FICO - Your Credit Score
Since we live in an computer-driven society, it should come as no surprise that your ability to repay your mortgage boils down to a single number.
The years of paying your various bills: your mortgage, car payments, and credit card bills can be analyzed, diced, spindled and mutilated into a single indicator of whether you're likely to meet your future obligations.
The three credit reporting agencies use slightly different formulas to build a credit score. Fair Isaac and Cooriginally developed this score. .
While Experian still calls its score "FICO", TransUnion calls its score "Beacon" and Equifax uses "Empirica." While each of the models considers a range of data available in your credit report, each agency uses the following to calculate your credit score:
- Your Credit History - How many years have you had credit?
- Payment History - Do you have a history of late payments?
- Your Credit Card Balances - How many accounts do you hold, and how much do you owe?
- Requests for Credit - How many times have you had your credit checked for a loan?
These factors are weighted a little bit differently depending on which formula the agency uses. The results are added up and distilled into a single number. Credit scores range from 300 to 800. Higher is always better. Most home buyers have a score above 620.
Your score affects your interest rate
Did you know? Credit scores are used for more than just determining whether or not you qualify for a mortgage. Higher scores indicate you are probably a better credit risk, and thus may qualify for a better mortgage rate.

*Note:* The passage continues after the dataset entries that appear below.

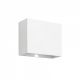 Aplice - Aplica LED de perete exterior, lumina ambientala, protectie IP65, AKZENT alb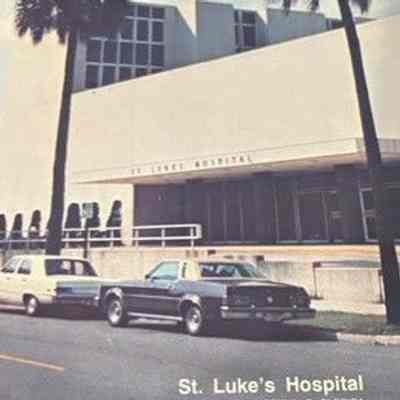 St. Luke's Hospital over 100 Years of community service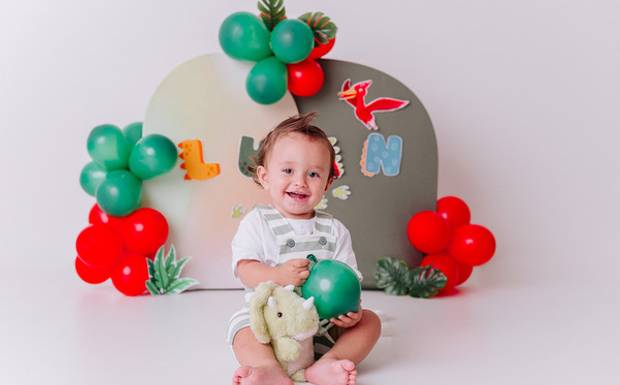 Smash the Cake & Splash: o ensaio mais divertido do primeiro aninho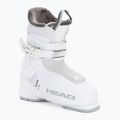 HEAD J1 children's ski boots white/gray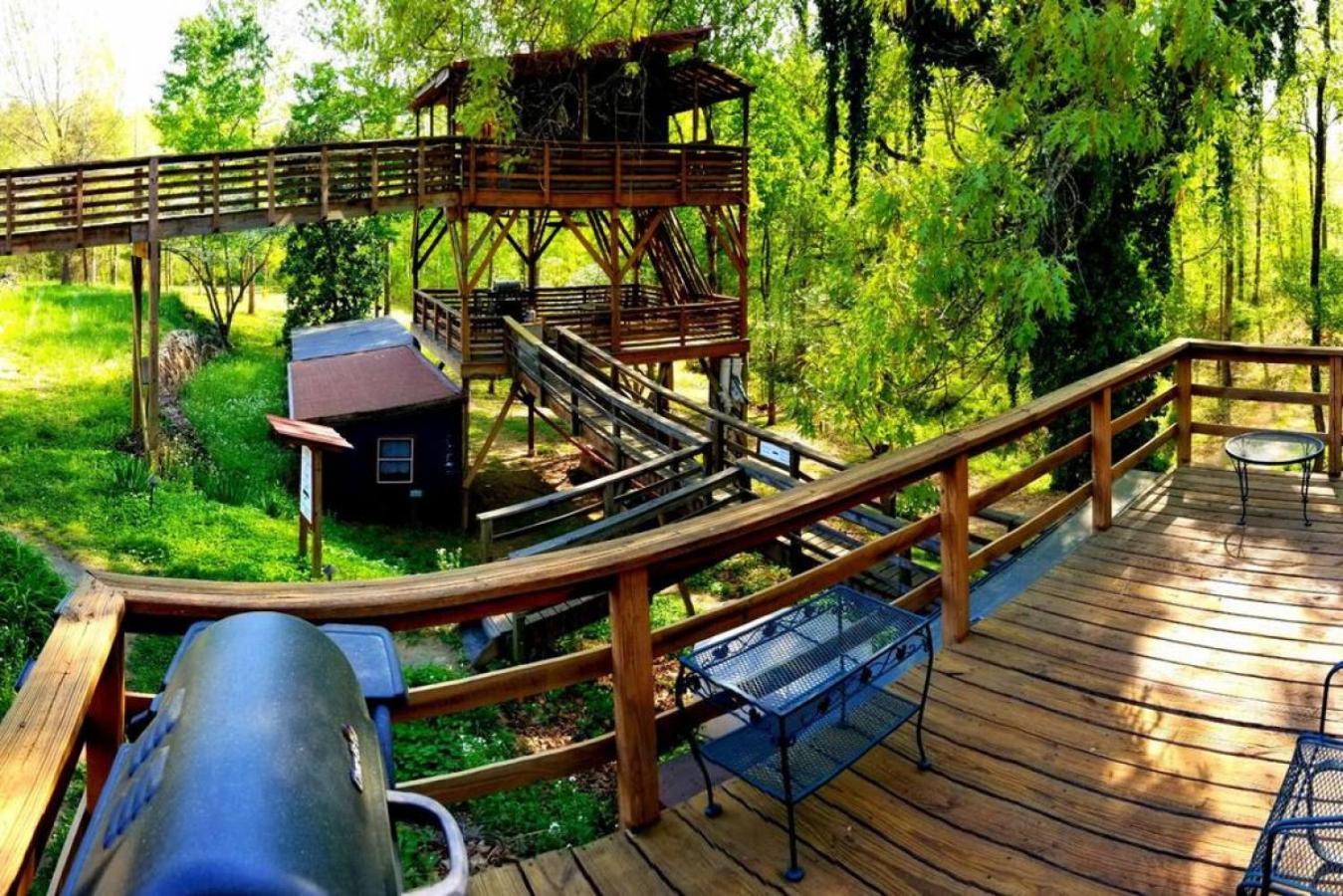 Balcony Suite At White Lotus Eco Spa Retreat Stanardsville Kültér fotó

Can I raise my credit score?
Unfortunately, there isn't a lot you can do to immediately improve your credit score. Some companies promise quick fixes, but they can't do anything different than what you can do — for free. (Of course you can and should remove incorrect data on your credit report.)
How do I find out my FICO score?
To improve your credit score, you must obtain the reports that are used to build it. Of course, you need the score as well. Fair Isaac has created a web site (www.myFICO.com) that lets you do just that. It's inexpensive to quickly get your FICO score from all three reporting agencies, along with your credit report. They also provide helpful information and tools that help you understand how to improve your FICO score.
You can get a federally-mandated free credit report once a year from all three credit reporting agencies at AnnualCreditReport.com. These reports do not include a free credit score, but it's very inexpensive to get one at the same time.
Armed with this information, you'll be a more informed consumer and you'll be better positioned to get the right mortgage for you.